The spatial structure of the maps of both stages is similar and in adequacy with the spatial structure of CWI. The limestone plateaus, the south facing slopes, and the western part of the area have the earliest phenology overall. The northern and eastern part of the area, as well as the bottom of the valley (especially those located in the north eastern part of the area) show delayed phenology. The largest amplitude was found for the véraison stage, which is similar to the results from phenology monitoring (Figure 10). However, the spatial modeling reduces the amplitude across the area, compared to real observations from 9 to 6 days for mid-flowering dates and 13 to 9 days for mid-véraison dates.

Validation of phenological maps

To validate the phenology maps, an extraction of the pixel value at the location of each temperature sensor was carried out for each year, for flowering and véraison.

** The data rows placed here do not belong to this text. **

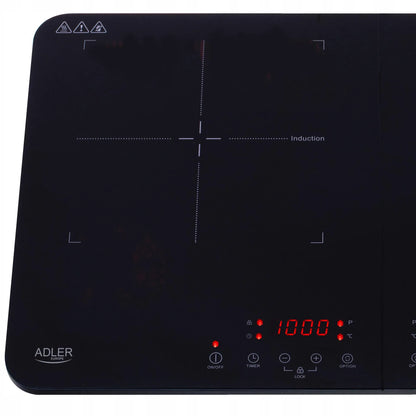 Elektrinė indukcinė kaitlentė su dviem degikliais Adler AD 6516, 3500 W, laikmatis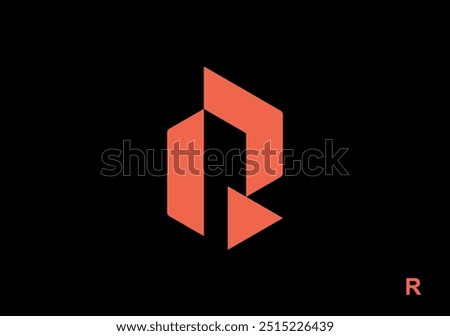 Geometric R logo exudes sharp lines, projecting strength and modernity with distinctive elegance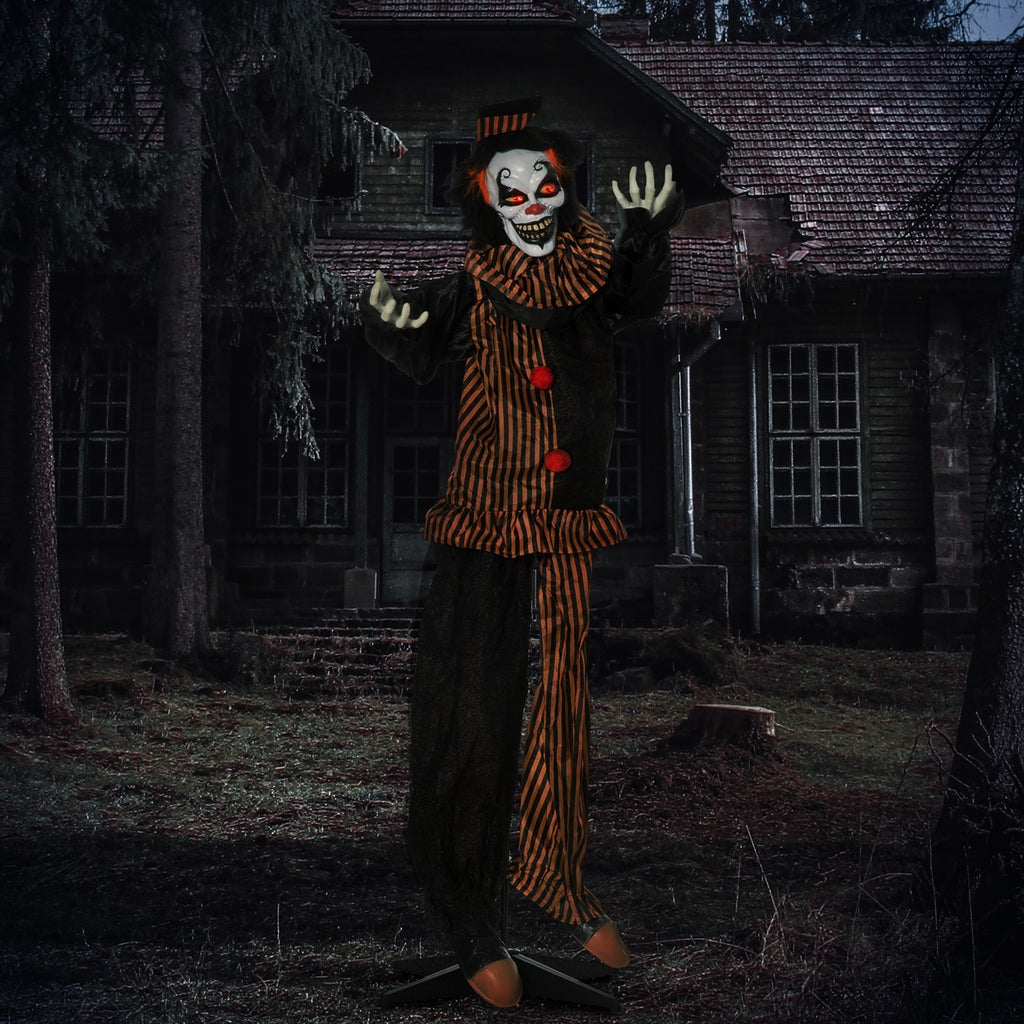 Halloween-Dekoration Horror-Clown mit Spezialeffekten und Soundfunktion 100 cm x 18 cm x 153 cm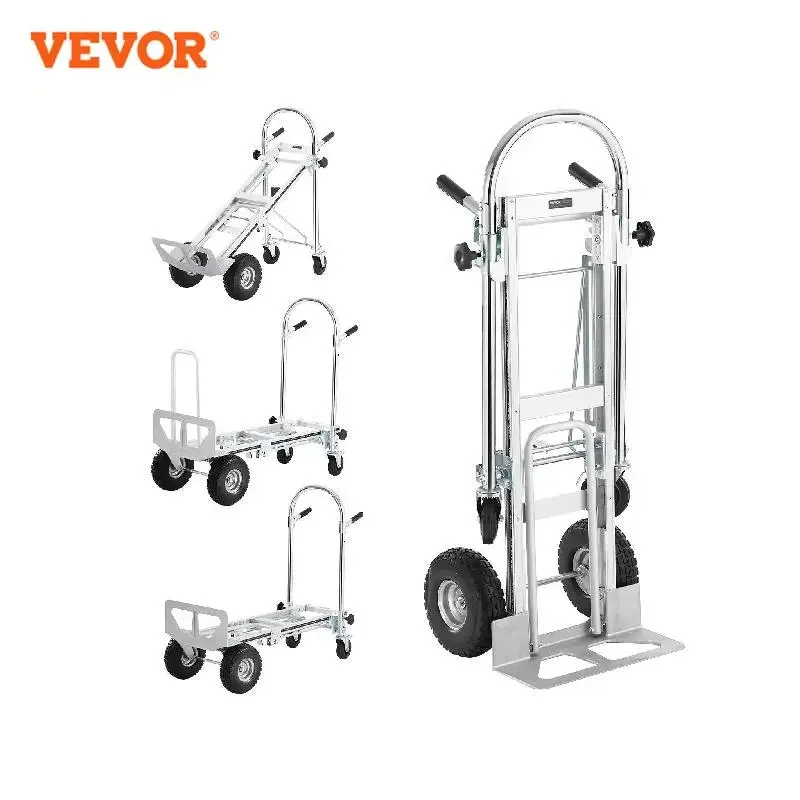 VEVOR-carrito de mano plegable de aluminio, carrito Industrial de alta resistencia para transporte y movimiento en almacén y supermercado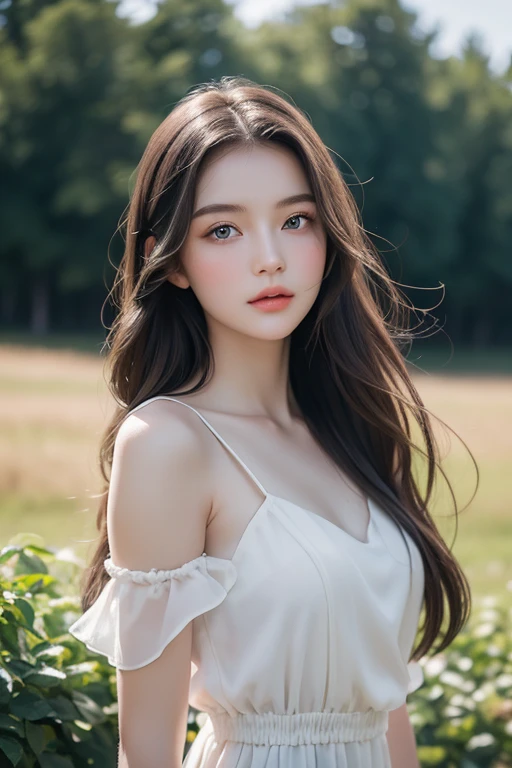 "Create an ultra-realistic 16k half image of a stunning 20-year-old Russian girl with very white, porcelain-like skin. Her cute round face is exquisitely detailed, showcasing rosy cheeks that add a touch of warmth to her complexion. She has mesmerizing, deep blue eyes that reflect a sense of depth and clarity. Her long, silky hair cascades around her shoulders, framing her delicate features perfectly. The girl is wearing a black dress, and she stands against a softly blurred background that hints at a picturesque Russian landscape. The natural light accentuates her beauty, making her appear ethereal and captivating."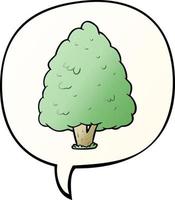 cartoon tall tree and speech bubble in smooth gradient style vector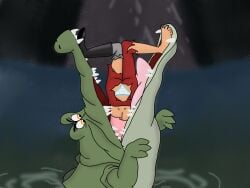 barefoot boot captain_hook comeuppance damsel_in_distress embarrassed_underwear_female female_prey foot genderswap_(mtf) hole_in_pants midriff midriff_baring_shirt mshook panties panties_visible_through_clothing peril peter_pan_(disney) pirate rule_63 single_bare_foot single_shoe single_sock socks tick-tock tick_tock_crocodile torn_pants torn_shirt upside-down villainess vore vore_peril water white_panties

Results were compared to phenology observations. The average RMSE is 2.3 days ± 0.7 for flowering and 3.5 days ± 1.5 for véraison, which corresponds to a similar result for observations of flowering and véraison compared to modeled flowering and véraison dates calculated directly using temperature data collected with the thermistor probes (Table 2). Hence, no accuracy loss was detected with the spatial modeling procedure.

Discussion

Spatio-Temporal Temperature Analysis

Based on a large unprecedented dataset obtained by a high density network of temperature observations, important spatial amplitude of seasonal temperatures over this area was observed. An average of 320 degree-days of amplitude over the 7 years studied was found for CWI.

This study also underlines large spatial amplitude on minimum temperatures during the vegetative season and great inter-annual variation of maximum temperatures, which impacts the vintage effect. Hence, spatial temperature variability was more driven by minimum temperatures, while temporal (i.e., year-to-year) temperature variability was more driven by maximum temperatures. Previous studies investigating temperatures at the vineyard scale have also shown great spatial temperature variability (Quénol et al., 2004; Bonnardot et al., 2012; Bonnefoy, 2013; Cuccia, 2013). These studies highlighted the impact of relief or local parameters such as water bodies on temperature distribution. This study shows not only the impact of relief, but also latitude and longitude. It confirms that great spatial thermal amplitude at local scale is well connected with local environment, as was also shown by Quénol et al. (2014) and Neethling et al. (2019).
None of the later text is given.